Bolivien zeigt Berlin die kalte Schulter
13. Juni 2022"Die umweltgerechte Gewinnung des Schlüsselrohstoffs Lithiums und die faire Partnerschaft mit Bolivien sind Grundlage unseres Handelns", steht auf der Internetseite der Firma ACISA zu lesen. Im Dezember 2018 startete das Unternehmen aus Süddeutschland ein vielbeachtetes Joint-Venture mit dem südamerikanischen Land. Beide Seiten setzten damals große Hoffnungen in das Projekt, bei der Vertragsunterzeichnung weilten auf bolivianischer Seite die damaligen Energieminister Rafael Alarcon und Außenminister Diego Pary der Zeremonie bei, auf deutscher Seite der damalige Bundeswirtschaftsminister Peter Altmaier und die baden-württembergische Wirtschafts-Ministerin für Wirtschaft Dr. Nicole Hoffmeister-Kraut.
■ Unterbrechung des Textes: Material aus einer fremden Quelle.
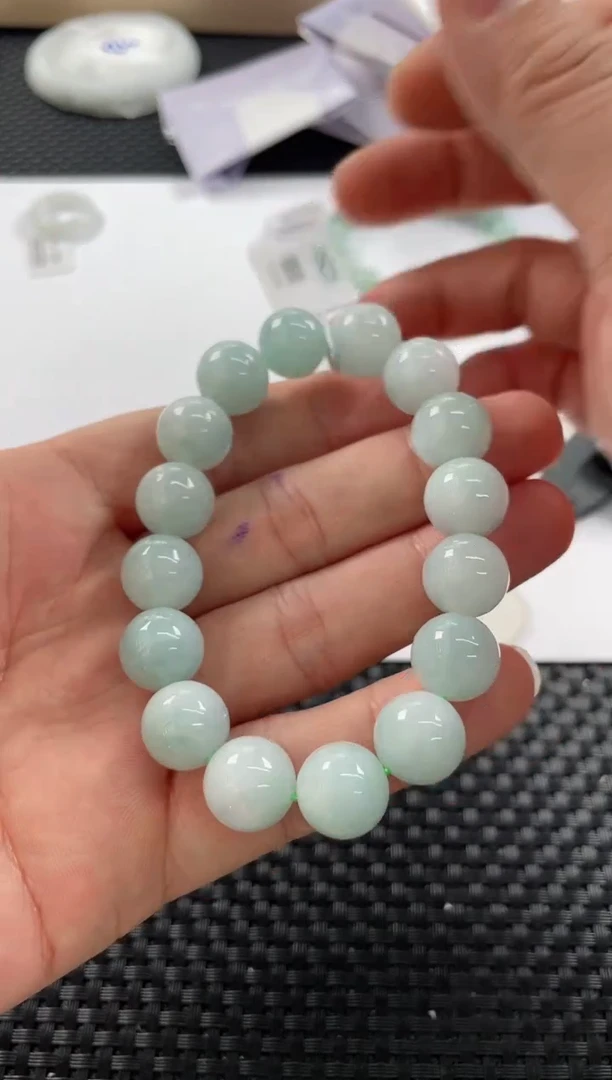 未镶嵌手链翡翠基地发货H8526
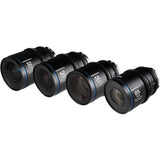 Laowa Nanomorph LF 4-LENS Bundle 32/42/55/85mm (Blue) (Lao-32425585-B-PL-B) - image 2 of 2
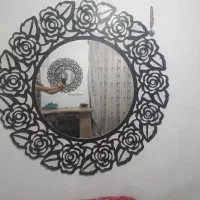 ۶عدد اینه ۲ عدد طرح گول و۴عدد اینه گچی|آینه|مراغه, |دیوار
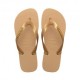 Havaianas Logo Metallic Oro - Infradito Mare Donna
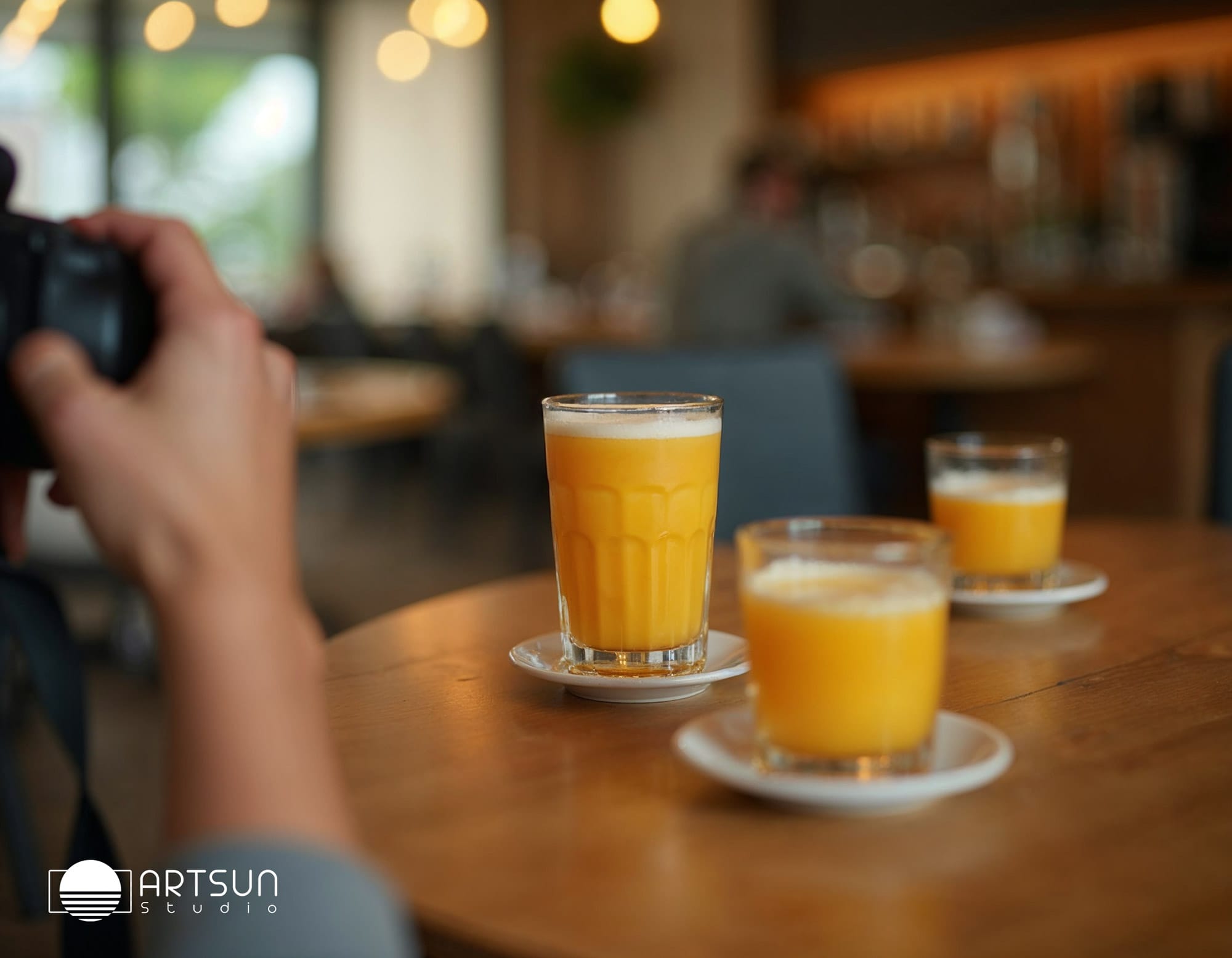 عکاسی غذا و کافه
Lithium wird nach jetzigem Stand der Technik für die Herstellung von Akkus für E-Autos benötigt und ist deshalb für die angestrebte Verkehrswende weg vom fossilen Verbrennermotor hin zur E-Mobilität von zentraler Bedeutung.
Knapp vier Jahre später ist von der Euphorie nur noch auf bolivianischer Seite etwas zu spüren. "Es beginnt die Lithium-Ära", jubelte das Portal "EJU" vor wenigen Tagen und beziffert die künftigen Einnahmen auf jährlich zwei Milliarden US Dollar. Produktionsvolumen von 40.000 Tonnen pro Jahr sind bis Ende 2024 im Gespräch. Was allerdings fehlt ist die deutsche Komponente des Projekts.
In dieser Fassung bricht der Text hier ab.